▸ GIVEN MATERIAL
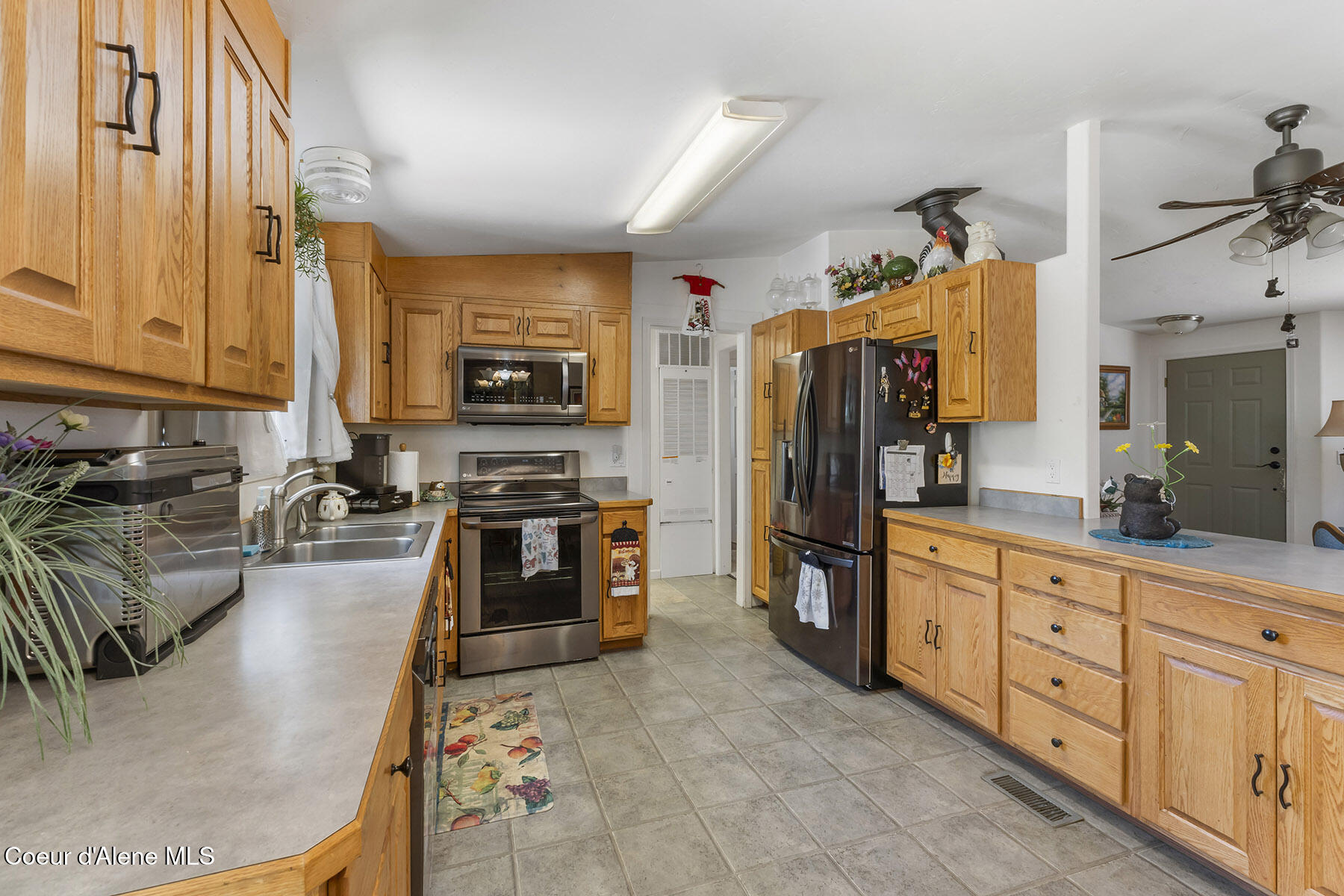 1393 W Linwood Dr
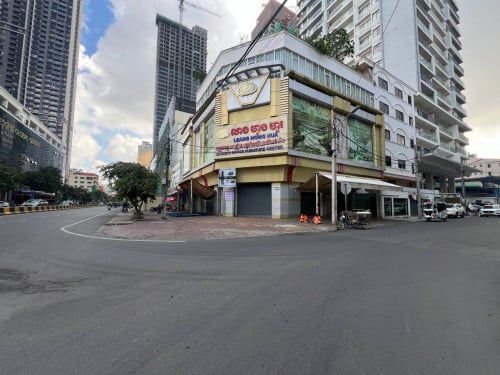 Corner Building for rent on Monivong Blvd.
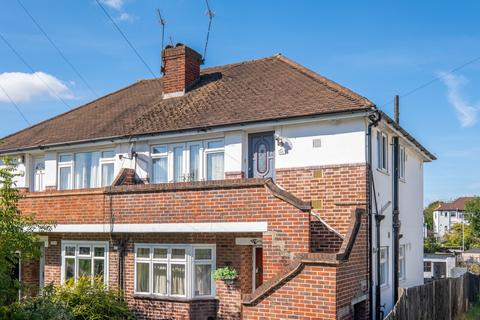 2 bedroom maisonette for sale, Lynmouth Avenue, Morden SM4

▸ WHAT TO DO
Output the lines above in full and exactly as given, omitting any pictures.

▸ REPLY TO THE EXERCISE
 1393 W Linwood Dr
 Corner Building for rent on Monivong Blvd.
 2 bedroom maisonette for sale, Lynmouth Avenue, Morden SM4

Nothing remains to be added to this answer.